** The problem **
Starting from the line with "圖為航拍仲夏時(shí)節(jié)" and going up to and including the line with "Azalea Flower Low Poly 3D model_6", copy the listing below exactly. Leave all images out.

** Data under study **
════

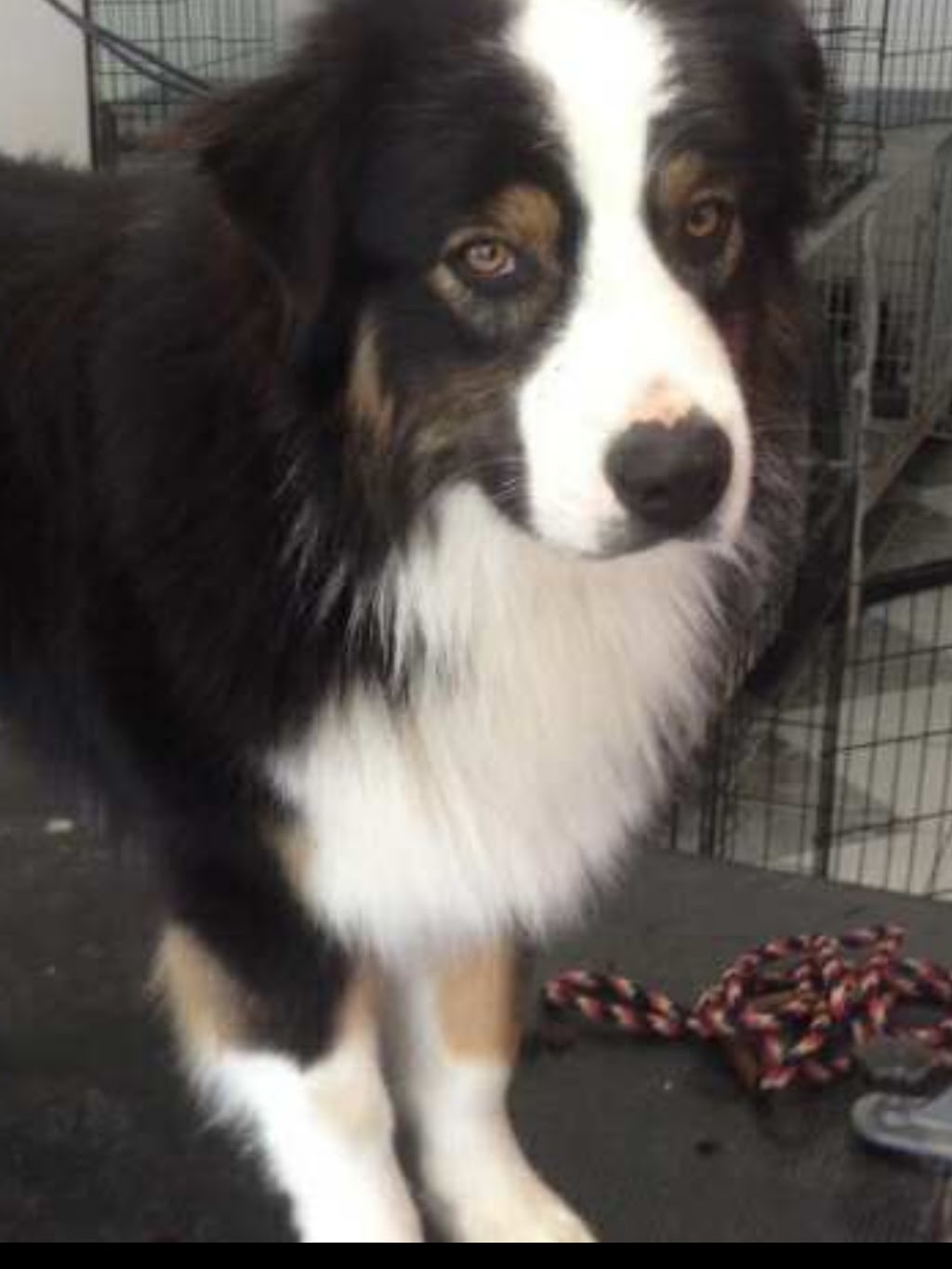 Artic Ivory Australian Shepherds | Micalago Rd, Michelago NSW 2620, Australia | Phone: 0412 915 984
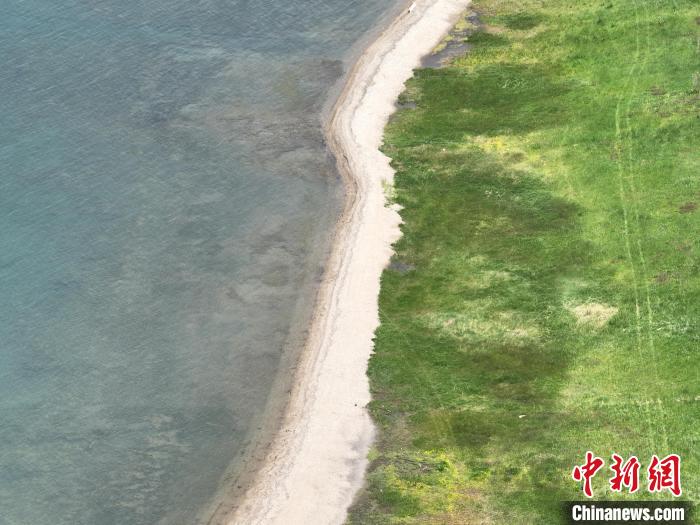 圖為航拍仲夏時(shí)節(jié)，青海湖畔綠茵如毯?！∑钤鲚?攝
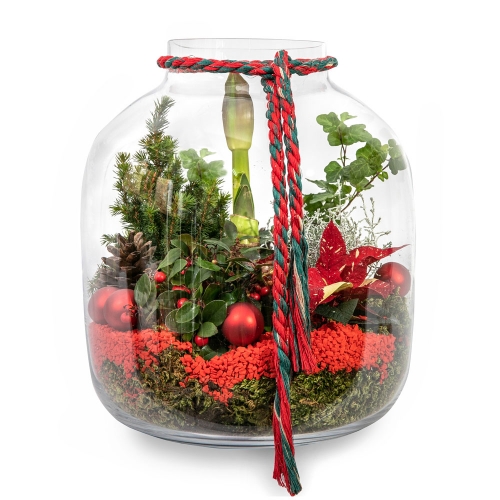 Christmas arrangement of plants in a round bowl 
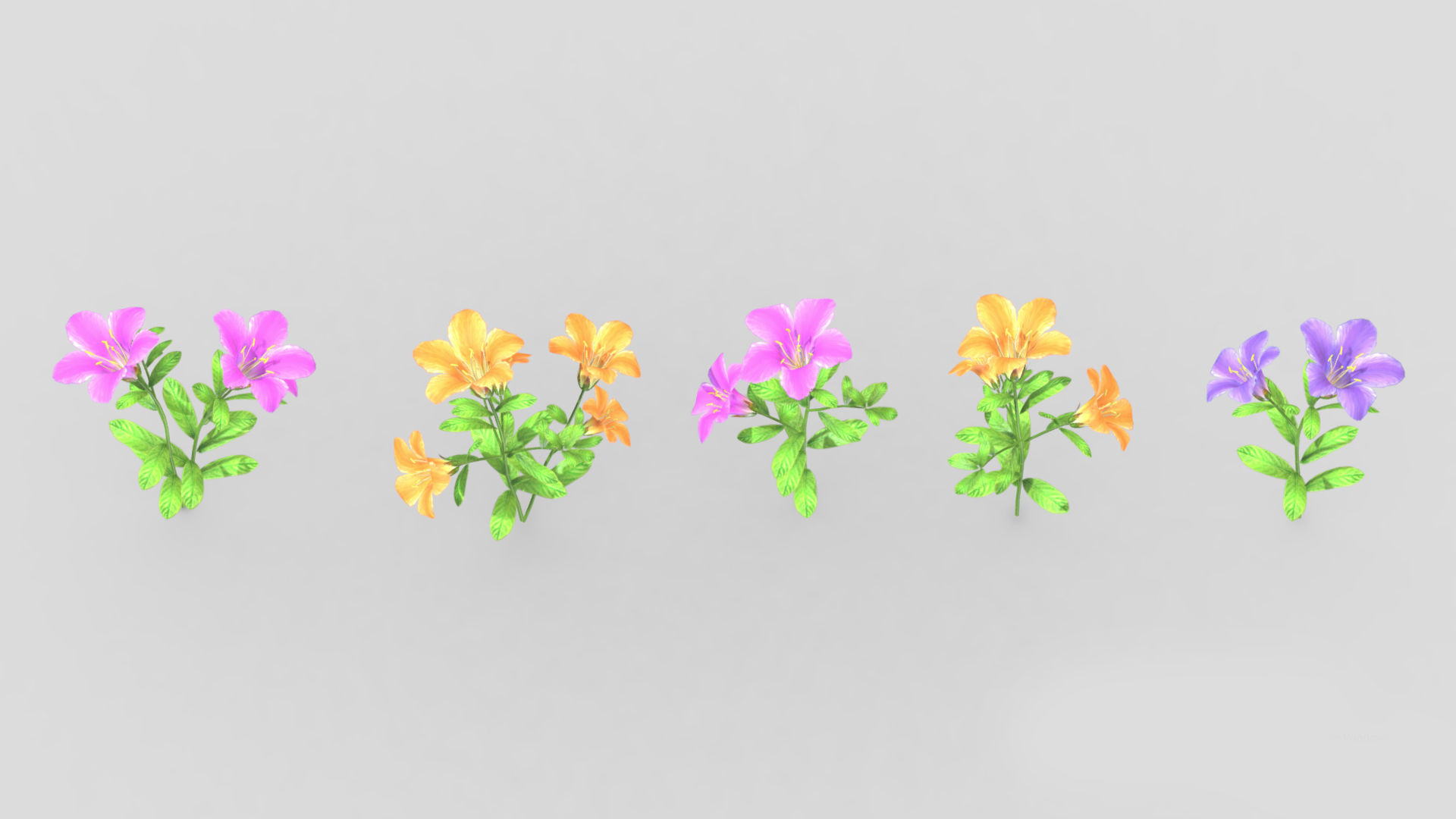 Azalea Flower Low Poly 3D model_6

════

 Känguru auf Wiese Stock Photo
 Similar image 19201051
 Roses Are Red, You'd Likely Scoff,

════

** Final answer **
 圖為航拍仲夏時(shí)節(jié)，青海湖畔綠茵如毯?！∑钤鲚?攝
 Christmas arrangement of plants in a round bowl 
 Azalea Flower Low Poly 3D model_6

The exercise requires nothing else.